The task: This exercise needs the complete data reproduced exactly.

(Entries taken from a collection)

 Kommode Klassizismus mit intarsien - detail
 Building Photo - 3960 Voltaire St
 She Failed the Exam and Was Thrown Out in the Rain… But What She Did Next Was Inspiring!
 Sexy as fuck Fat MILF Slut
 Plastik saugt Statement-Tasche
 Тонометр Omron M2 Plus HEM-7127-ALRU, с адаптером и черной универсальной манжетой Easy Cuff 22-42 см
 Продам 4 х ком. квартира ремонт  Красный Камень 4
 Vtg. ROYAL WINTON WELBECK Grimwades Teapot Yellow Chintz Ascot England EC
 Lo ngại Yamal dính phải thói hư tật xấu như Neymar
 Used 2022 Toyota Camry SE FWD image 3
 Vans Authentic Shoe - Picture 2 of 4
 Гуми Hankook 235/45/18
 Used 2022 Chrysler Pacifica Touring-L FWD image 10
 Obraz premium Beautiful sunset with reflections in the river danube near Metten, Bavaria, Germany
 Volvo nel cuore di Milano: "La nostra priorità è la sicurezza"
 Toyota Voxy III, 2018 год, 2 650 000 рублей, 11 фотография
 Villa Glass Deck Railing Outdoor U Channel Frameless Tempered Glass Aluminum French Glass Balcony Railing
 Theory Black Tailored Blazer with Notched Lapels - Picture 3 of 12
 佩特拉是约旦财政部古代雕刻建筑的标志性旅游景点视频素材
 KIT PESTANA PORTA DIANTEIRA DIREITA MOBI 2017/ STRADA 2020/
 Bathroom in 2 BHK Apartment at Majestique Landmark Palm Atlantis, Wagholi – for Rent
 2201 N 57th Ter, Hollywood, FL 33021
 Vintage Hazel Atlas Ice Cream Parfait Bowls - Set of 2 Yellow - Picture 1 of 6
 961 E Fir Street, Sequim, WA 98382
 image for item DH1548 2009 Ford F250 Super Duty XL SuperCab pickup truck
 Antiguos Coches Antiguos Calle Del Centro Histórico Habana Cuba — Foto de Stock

Task answer:
 Kommode Klassizismus mit intarsien - detail
 Building Photo - 3960 Voltaire St
 She Failed the Exam and Was Thrown Out in the Rain… But What She Did Next Was Inspiring!
 Sexy as fuck Fat MILF Slut
 Plastik saugt Statement-Tasche
 Тонометр Omron M2 Plus HEM-7127-ALRU, с адаптером и черной универсальной манжетой Easy Cuff 22-42 см
 Продам 4 х ком. квартира ремонт  Красный Камень 4
 Vtg. ROYAL WINTON WELBECK Grimwades Teapot Yellow Chintz Ascot England EC
 Lo ngại Yamal dính phải thói hư tật xấu như Neymar
 Used 2022 Toyota Camry SE FWD image 3
 Vans Authentic Shoe - Picture 2 of 4
 Гуми Hankook 235/45/18
 Used 2022 Chrysler Pacifica Touring-L FWD image 10
 Obraz premium Beautiful sunset with reflections in the river danube near Metten, Bavaria, Germany
 Volvo nel cuore di Milano: "La nostra priorità è la sicurezza"
 Toyota Voxy III, 2018 год, 2 650 000 рублей, 11 фотография
 Villa Glass Deck Railing Outdoor U Channel Frameless Tempered Glass Aluminum French Glass Balcony Railing
 Theory Black Tailored Blazer with Notched Lapels - Picture 3 of 12
 佩特拉是约旦财政部古代雕刻建筑的标志性旅游景点视频素材
 KIT PESTANA PORTA DIANTEIRA DIREITA MOBI 2017/ STRADA 2020/
 Bathroom in 2 BHK Apartment at Majestique Landmark Palm Atlantis, Wagholi – for Rent
 2201 N 57th Ter, Hollywood, FL 33021
 Vintage Hazel Atlas Ice Cream Parfait Bowls - Set of 2 Yellow - Picture 1 of 6
 961 E Fir Street, Sequim, WA 98382
 image for item DH1548 2009 Ford F250 Super Duty XL SuperCab pickup truck
 Antiguos Coches Antiguos Calle Del Centro Histórico Habana Cuba — Foto de Stock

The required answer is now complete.